Mais l'ouvrage s'ouvre en surpassant de loin mes espoirs. Dans sa Première partie « Le Neutre/le genre : une question de méthode », il démontre avec une précision fulgurante que la théorie de Butler, pour consolider ses assises, a choisi de se valoir des fondements épistémologiques de la French Theory, c'est-à-dire de la pensée des philosophes structuralistes déconstructivistes français des années 60-70, de
Lacan,
Lévi-Strauss et Barthes jusqu'à
Derrida et Foucault, mais en en détournant et trahissant systématiquement les concepts, que ce soit pour les adopter ou pour les attaquer, selon une méthode qui relève de la véritable malhonnêteté épistémologique. Si une importante déconstruction du système du genre avait déjà été entreprise par les Modernes français, par la pensée du Neutre ayant pour point d'attaque l'ordre symbolique, la réflexion de Butler, qui se développe dans les années 90-2000 de façon pas même univoque dans sa totalité, aboutit à une théorie du genre non seulement contradictoire avec le Neutre, mais qui, ayant pris un certain déterminisme psychosociologique comme postulat, est incommensurable avec ce même Neutre auquel pourtant elle se réfère, en équivoquant sur les concepts de « performatif » et de « resignification ». Concernant le premier concept, sont détournés
Lacan,
Althusser,
Derrida, et d'une certaine manière Foucault ; dans le second, la trahison concerne surtout
Sartre commentateur de
Jean Genet.
Les deux parties successives de l'essai sont consacrées au Neutre. Celui-ci, dans les élaborations des Modernes qui sont étudiés avec une remarquable profondeur, dans toute leur pénible complexité rendue avec rigueur et clarté par Marty, n'a pas grand chose à voir avec la notion sociologique du même nom que je croyais connaître en grammaire et parce qu'utilisée par les féministes. Il s'agit là de constructions philosophiques, psychanalytiques (pour
Lacan) et de critique littéraire (pour la plupart des autres) beaucoup plus abstraites, qui théorisent le sujet, la Loi, le phallus, et la perversion, dans des sens souvent très éloignés de ceux qu'on leur donne ordinairement. Néanmoins, comme point de départ littéraire, nous trouvons le Neutre souvent associé à la figure et/ou au statut ontologique du travesti, qui remet en jeu à la fois le modèle du genre et l'orientation sexuelle des uns et des autres.

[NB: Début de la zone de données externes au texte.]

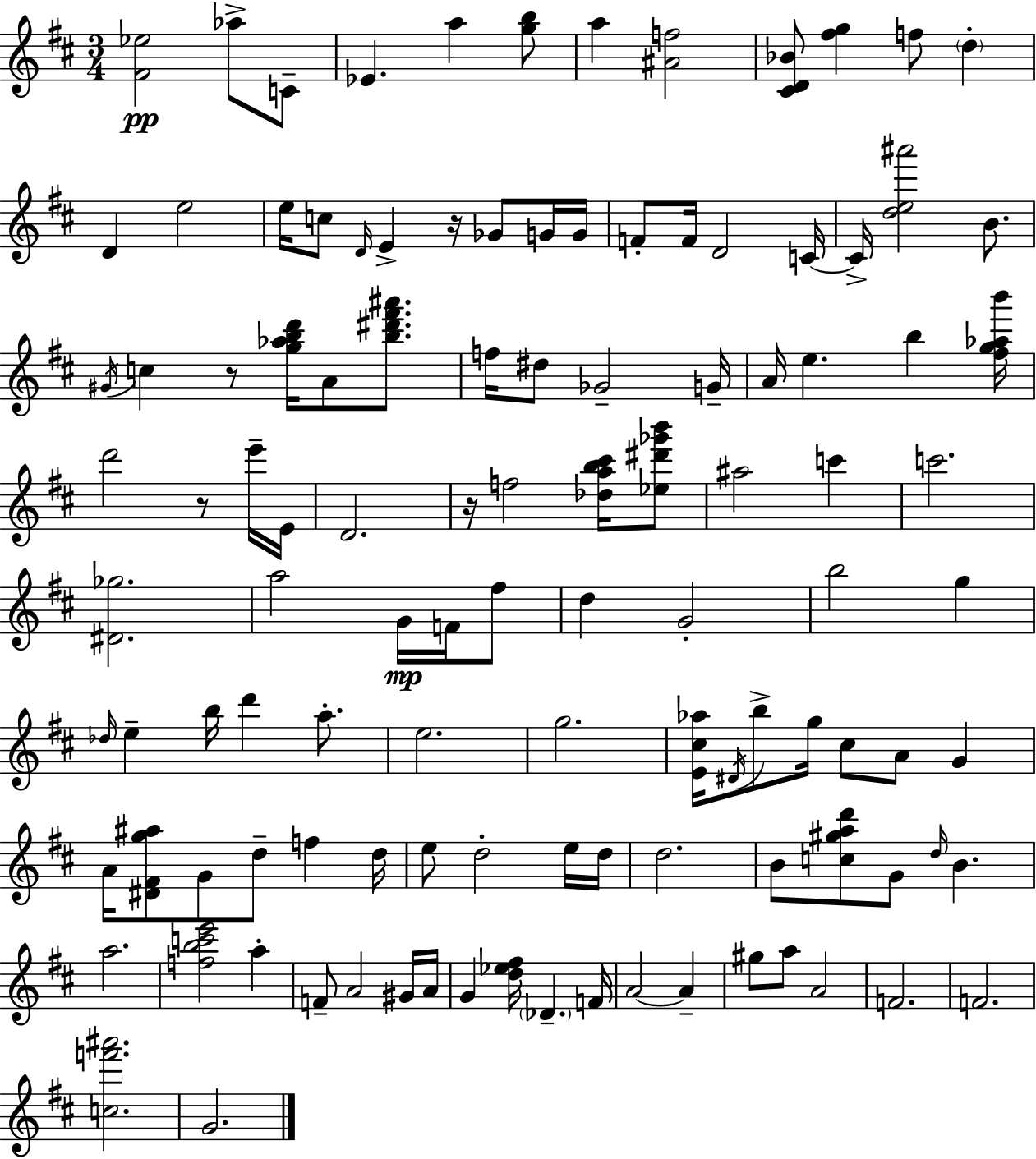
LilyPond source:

Dans la troisième partie, « Le sujet du Neutre », l'on explore dans le détail la relation entre le Neutre et la perversion à travers la notion de castration chez
Lacan et un castrat historique (Zambinella) chez Barthes, celle du masochisme chez Deleuze, celle de l'hymen et de l'invagination chez
Derrida.
Michel Foucault fait l'objet d'une quatrième partie qui lui est spécifiquement consacrée. En effet, il présente une double rupture : à la fois interne à son oeuvre, entre
Surveiller et punir et L'Histoire de la folie, d'une part, et La Volonté de savoir, qui date de 1976, d'autre part, mais aussi une rupture avec les Modernes, qui semble d'abord le rapprocher pour certains aspects de la philosophie américaine, et notamment du néolibéralisme, et de ce fait de Butler aussi. Pourtant cette partie sur Foucault « le post-européen » se développe en une thèse sur ces ruptures et en une antithèse sur la « question sexuelle » qui révèle encore une fois une incompatibilité radicale entre la théorie du genre et une notion sienne de « monosexualité ». le remplacement de la loi par la norme, de la critique du savoir-pouvoir par le « biopouvoir » et enfin l'analyse de l'autobiographie de l'hermaphrodite du XIXe siècle
Herculine Barbin ne rapproche par Foucault de Butler – ni vice versa...
Pour finir, le deuxième coup de grâce à la théorie du genre, après les travestis des Modernes, lui est porté aujourd'hui par le militantisme des trans... qui sont bien décidés à s'opposer au non-binaire, naturellement, et dont l'un(e) a pu très significativement invectiver : « Fuck you
Judith Butler ! » (p. 500). Je n'en saurais dire autant, bien entendu...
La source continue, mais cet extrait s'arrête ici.